Assuming the client is happy with the server's identity, it generates a random number P and encrypts it with the server's public key.
Only the server can decrypt P (with it's private key - not shared with anybody) so when the client sends the encrypted random number to the server, the server decrypts it.
The client and server both use P to generate a symmetric key for use in a symmetric encryption algorithm, safe in the knowledge that only the client and server know the value of P used to generate the key.
Alice will use the public and private key combo to decrypt it
Alice would just decrypt it with her private key.
However, how can Alice encrypt something to be sent over to Bob? How would Bob decrypt it?
Alice would need Bob's public key to send something to him.
Typically, public key encryption is used for authentication, non-repudiation (like signing), and distribution of symmetric keys (which are faster for encrypting/ decrypting long messages).
Simple, you need a key.
SSL/TLS solves this problem by creating a symmetric session key during the connection setup. The public key cryptography is used to establish this session key, which is then used for bi-directional data communication. Read more about TLS
I didn't create this, but someone shared this video with me and it helped the theory make much more sense. As always the devil's in the details (implementation).
http://www.youtube.com/watch?v=YEBfamv-_do
On a general note I struggled to understand Public Key Cryptography for quite a while along with the other elements of PKI such as Digital Signatures and Certificates whilst preparing for Microsoft C# certification.
I came across an explanation in the form of a concise and detailed PDF at cgi.com. I know it's back to good old Alice and Bob! but it really cleared things up for me with its diagrams and notes and also has some thought provoking questions at the end. Definitely recommend it.
Visit http://www.cgi.com/files/white-papers/cgi_whpr_35_pki_e.pdf
However, how can Alice encrypt something to be sent over to Bob? How would Bob decrypt it? I ask because I'm curious how when I log onto my banking site, my bank sends me data such as my online statements. How does my browser decrypt that information? I don't have the private key.
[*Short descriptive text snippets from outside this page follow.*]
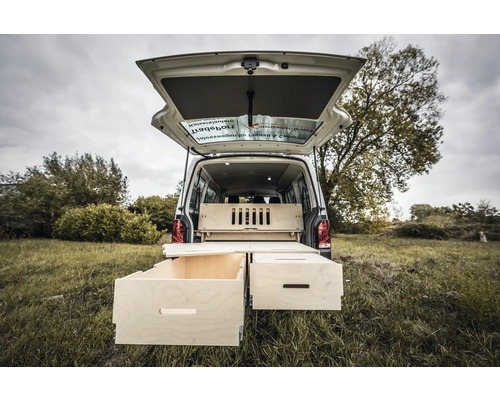 Heckansicht eines Lieferwagens mit ausziehbaren Holzschubladen und Regalsystem für Campingausrüstung.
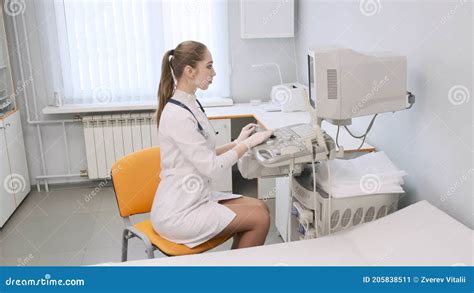 Portrait A Girl Doctor Conducts An Analysis On An Ultrasound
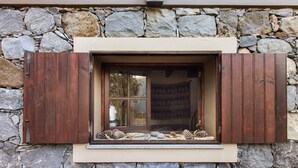 A stone wall with a window featuring wooden shutters, a lantern above, and pinecones on the sill. - Vacation Chalet "The Perfect Cottage" with Mountain View & Wi-Fi (São Vicente)
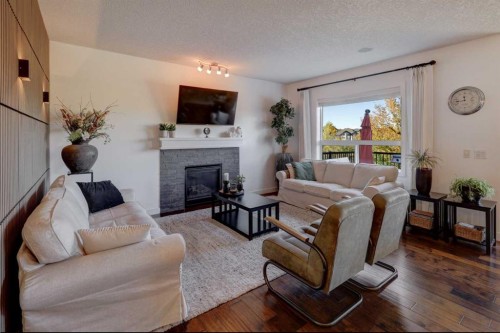 213 Kingsmere Cove Se, Airdrie, AB - Indoor Photo Showing Living Room With Fireplace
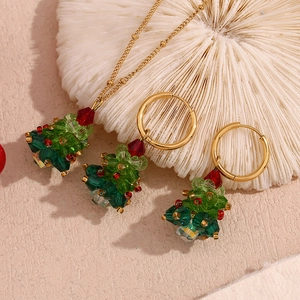Detail of Christmas tree jewelry set with green crystals and gold stainless steel finish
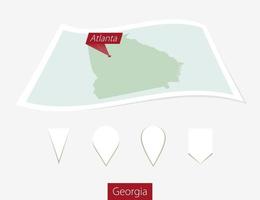 Curved paper map of Georgia state with capital Atlanta on Gray Background. Four different Map pin set. vector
This is where you're wrong; you do have a private key. As part of the handshaking process, each side generates two keys: a public key and a private key. The client sends its public key to the server, who will use it to encrypt all data sent to the client. Likewise, the server generates both keys and sends its public key to the client, which will use it to encrypt all data sent to the server.
In many scenarios, the asymmetric key algorithm is used only to exchange another key, which is for a symmetric algorithm.
In this situation, Alice would use Bob's public key to encrypt the data and Bob would then decrypt it with his private key.
Essentially, a public key encrypts data and a private key decrypts that data. Since every user has both a public and private key, you can securely send data to any other user.
If you connect to the site of your bank it works a lot of cryptographic things. The most important is that you use public key of the bank to send a piece of information to the bank, because in every SSL (https) connection server send to client it's public key packed as a certificate.
Usage of certificate and world wide PKI is important. You want be sure, that if you gives to the bank your bank pin, that on the other side is really your bank and not an other person. This will be solved, because on every computers there are a small number of public keys of well known organisations (like VeriSign) and bank send you not only his server public key, but a certificate. certificate is a message signed by VeriSign for example, which say "this public key is really from the bank XYZ". So because you have public key of VeriSign you can first verify, that server certificate of the bank is correct. So you can be sure, that you communicate really with your bank.